It's funny how old albums in your collection can surprise you after a lengthy absence. I've filled several shelves and boxes with CDs, cassettes, and vinyl records over the years. Some of the stacks have secondary stuff I never liked much in the first place — crappy demos, promos, freebies, and low-budget comps I should probably toss. But much of the collection includes albums and EPs of bands that made an impression — discs and tapes vital to my own listening history over the last 20 years.
Last winter, I ran across three albums by British pop-rock band The Wedding Present, an old college radio favorite of mine fronted by the refreshingly unassuming and unpretentious singer/guitarist David Gedge. I got on one of my usual kicks, spinning 1989's Bizarro, 1991's Seamonsters, and 1994's Watusi endlessly over a two-week binge. The jangly but densely rhythmic Bizarro got the most play.
The elegantly stiff, fast-paced singles "Kennedy" (a grinding but melodic pop gem based loosely on the assassination of the U.S. president) and "Brassneck" (a mixed-bag tell-off to an unfaithful girlfriend) remain the strongest tracks. Both reflect Gedge's witty and delicately sarcastic take on love and troubled relationships.

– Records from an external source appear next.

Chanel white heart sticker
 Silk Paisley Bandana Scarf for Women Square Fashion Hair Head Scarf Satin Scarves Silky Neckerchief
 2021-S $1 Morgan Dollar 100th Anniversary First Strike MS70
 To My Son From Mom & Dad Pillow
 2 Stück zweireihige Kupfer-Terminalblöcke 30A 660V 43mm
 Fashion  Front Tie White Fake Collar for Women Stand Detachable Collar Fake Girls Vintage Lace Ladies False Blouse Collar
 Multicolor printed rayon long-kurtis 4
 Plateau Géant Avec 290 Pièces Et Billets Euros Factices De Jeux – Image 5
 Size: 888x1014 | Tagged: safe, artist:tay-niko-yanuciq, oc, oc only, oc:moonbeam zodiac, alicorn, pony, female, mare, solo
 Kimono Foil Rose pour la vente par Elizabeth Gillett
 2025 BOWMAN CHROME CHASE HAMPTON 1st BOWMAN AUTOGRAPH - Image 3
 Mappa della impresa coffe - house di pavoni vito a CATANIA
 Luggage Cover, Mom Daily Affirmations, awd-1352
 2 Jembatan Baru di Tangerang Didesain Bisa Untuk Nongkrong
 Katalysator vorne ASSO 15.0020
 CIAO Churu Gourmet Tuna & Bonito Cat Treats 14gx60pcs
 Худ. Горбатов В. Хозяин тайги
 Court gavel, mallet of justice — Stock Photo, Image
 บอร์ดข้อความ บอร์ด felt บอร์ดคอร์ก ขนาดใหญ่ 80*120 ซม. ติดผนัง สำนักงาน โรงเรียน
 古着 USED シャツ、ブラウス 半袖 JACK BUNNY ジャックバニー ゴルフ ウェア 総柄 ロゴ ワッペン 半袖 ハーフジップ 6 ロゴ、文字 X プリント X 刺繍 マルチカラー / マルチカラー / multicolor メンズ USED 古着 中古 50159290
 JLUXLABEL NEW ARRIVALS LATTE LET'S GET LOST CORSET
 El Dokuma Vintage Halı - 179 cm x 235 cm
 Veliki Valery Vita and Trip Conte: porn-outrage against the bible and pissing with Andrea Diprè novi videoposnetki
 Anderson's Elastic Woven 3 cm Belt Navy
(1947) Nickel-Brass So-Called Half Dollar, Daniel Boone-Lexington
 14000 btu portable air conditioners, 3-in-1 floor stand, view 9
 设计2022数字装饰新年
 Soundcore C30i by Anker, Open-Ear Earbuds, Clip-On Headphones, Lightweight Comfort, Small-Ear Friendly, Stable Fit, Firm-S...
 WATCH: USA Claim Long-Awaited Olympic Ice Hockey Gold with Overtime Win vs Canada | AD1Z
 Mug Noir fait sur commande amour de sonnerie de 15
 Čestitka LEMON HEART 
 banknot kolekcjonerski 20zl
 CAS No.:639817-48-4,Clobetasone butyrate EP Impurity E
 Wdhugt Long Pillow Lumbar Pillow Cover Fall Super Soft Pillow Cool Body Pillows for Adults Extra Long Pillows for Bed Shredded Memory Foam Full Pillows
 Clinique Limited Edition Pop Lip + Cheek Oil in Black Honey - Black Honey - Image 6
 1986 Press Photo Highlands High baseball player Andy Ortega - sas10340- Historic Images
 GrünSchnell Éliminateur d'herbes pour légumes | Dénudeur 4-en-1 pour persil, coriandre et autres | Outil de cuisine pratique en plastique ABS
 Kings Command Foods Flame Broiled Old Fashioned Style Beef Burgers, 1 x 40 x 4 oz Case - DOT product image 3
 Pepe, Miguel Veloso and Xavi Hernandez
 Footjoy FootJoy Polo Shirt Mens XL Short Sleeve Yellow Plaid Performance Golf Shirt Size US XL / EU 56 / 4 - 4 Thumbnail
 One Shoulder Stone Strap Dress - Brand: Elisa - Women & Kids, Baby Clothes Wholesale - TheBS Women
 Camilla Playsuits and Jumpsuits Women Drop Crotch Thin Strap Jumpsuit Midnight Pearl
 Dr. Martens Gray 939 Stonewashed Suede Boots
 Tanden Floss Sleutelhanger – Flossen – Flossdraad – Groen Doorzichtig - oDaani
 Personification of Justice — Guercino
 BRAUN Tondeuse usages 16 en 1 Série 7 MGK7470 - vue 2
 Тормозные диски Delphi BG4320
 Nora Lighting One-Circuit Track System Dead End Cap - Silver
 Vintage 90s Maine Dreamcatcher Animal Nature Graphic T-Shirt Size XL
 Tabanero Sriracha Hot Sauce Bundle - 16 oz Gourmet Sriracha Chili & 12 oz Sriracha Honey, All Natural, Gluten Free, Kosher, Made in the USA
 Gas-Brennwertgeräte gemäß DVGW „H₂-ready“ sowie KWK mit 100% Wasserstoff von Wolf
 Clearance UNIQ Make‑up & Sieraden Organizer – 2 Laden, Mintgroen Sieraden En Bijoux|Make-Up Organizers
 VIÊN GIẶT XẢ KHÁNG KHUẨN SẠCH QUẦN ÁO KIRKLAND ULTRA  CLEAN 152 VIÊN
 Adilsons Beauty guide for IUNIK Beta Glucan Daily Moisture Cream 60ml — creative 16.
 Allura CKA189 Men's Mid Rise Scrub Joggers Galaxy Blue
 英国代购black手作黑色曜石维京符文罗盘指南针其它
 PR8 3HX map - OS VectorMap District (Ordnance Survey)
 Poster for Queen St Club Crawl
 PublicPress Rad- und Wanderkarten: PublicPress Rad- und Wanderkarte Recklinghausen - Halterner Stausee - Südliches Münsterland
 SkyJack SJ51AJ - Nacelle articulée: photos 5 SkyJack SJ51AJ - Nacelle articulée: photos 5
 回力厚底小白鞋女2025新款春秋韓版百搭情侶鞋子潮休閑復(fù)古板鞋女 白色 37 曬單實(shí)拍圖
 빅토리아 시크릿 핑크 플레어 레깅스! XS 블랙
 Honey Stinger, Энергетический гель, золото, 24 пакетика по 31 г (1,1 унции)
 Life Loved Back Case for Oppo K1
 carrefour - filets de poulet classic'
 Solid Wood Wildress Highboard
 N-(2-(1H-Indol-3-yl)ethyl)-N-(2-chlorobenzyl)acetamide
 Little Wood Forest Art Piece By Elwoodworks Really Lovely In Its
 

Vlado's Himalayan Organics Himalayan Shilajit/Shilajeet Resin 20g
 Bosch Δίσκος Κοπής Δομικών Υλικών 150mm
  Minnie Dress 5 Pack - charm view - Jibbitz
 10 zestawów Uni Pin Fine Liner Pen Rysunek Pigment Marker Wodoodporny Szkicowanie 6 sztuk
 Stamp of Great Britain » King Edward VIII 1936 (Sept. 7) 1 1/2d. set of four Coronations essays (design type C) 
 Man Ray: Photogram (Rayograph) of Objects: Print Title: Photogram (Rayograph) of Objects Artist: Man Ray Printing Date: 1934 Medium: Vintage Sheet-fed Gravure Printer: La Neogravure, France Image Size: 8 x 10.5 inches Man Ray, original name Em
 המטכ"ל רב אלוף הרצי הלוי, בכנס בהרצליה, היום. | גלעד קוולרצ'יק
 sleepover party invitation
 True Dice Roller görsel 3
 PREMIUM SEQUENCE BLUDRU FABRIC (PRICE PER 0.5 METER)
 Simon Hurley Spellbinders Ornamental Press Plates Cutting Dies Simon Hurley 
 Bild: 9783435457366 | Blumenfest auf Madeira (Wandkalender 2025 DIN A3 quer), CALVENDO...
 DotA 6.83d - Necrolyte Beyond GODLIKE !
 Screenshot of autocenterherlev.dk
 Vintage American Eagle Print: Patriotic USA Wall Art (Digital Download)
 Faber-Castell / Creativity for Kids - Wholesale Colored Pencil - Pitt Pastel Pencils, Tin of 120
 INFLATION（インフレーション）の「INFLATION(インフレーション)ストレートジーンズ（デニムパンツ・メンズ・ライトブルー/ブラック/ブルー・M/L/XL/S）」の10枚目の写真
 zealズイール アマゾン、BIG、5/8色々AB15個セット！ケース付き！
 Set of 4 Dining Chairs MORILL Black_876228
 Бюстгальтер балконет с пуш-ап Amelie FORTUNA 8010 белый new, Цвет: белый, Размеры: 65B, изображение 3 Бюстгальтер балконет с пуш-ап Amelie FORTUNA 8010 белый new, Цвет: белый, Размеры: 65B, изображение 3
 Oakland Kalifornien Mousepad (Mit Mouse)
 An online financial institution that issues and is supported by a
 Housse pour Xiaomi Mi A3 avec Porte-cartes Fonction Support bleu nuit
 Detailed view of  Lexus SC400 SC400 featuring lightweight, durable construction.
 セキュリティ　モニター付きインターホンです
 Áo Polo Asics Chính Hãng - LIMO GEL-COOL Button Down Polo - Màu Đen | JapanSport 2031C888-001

With an odd but potent lyrical mix of love, angst, lust, and jealousy (plus loads of nervous musical energy), The Wedding Present established itself in the early '90s as one of the U.K.'s top standouts. These days, their vibrant guitar-pop style sounds as fresh and excitable as ever.
By the time the band started hitting the charts with a string of guitar-driven singles, the more fashionable stars of the burgeoning Britpop scene were landing on MTV and domestic college radio airwaves. Compared to the flashy, high-tech stylings of major label acts like Jesus Jones and EMF, The Wedding Present had more in common musically and stylistically with the so-called "Madchester scene" (led by jumpy/druggy bands like The Stone Roses, Happy Mondays, and Inspiral Carpets). But they never really fit in with any of it.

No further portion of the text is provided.